Background Diffusion-weighted imaging (DWI) is routinely used in magnetic resonance imaging (MRI) of prostate cancer. However, the routine use of b values higher than 1000 s/mm2 is not clear up to present. Moreover, the complex diffusion behavior of malignant and benign prostate tissues hampers precise predictions of contrast in DWI images and apparent diffusion coefficient (ADC) maps. Purpose To quantitatively analyze DWI with different b values in prostate cancer and to identify b values best suitable for cancer detection. Material and Methods Forty-one patients with histologically proven prostate cancer were examined with high resolution T2-weighted imaging and DWI at 3 Tesla. Five different b values (0, 800, 1000, 1500, 2000 s/mm2) were applied. ADC values of tumors and reference areas were measured on ADC maps derived from different pairs of b values. Furthermore, signal intensities of DW images of tumors and reference areas were measured. For analysis, contrast ratios of ADC values and signal intensities of DW images were calculated and compared. Results No significant differences were found between contrast ratios measured on ADC maps of all analyzed b value pairs (P = 0.43).

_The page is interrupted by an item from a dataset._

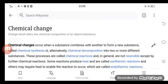Some reactions produce heat and are called exothermic reactions. Others may require heat to enable the reaction to occur, which are called endothermic reactions.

Contrast ratios calculated from signal intensities of DW images were highest at b values of 1500 and 2000 s/mm2 and differed significantly from contrast ratios at b values of 800 and 1000 s/mm2 (P < 0.01). Conclusion Whereas contrast in ADC maps does not significantly change with different b values, contrast ratios of DW images are significantly higher at b-values of 1500 and 2000 s/mm2 in comparison to b values of 800 and 1000 s/mm2. Therefore, diagnostic performance of DWI in prostate cancer might be increased by application of b values higher than 1000 s/mm2.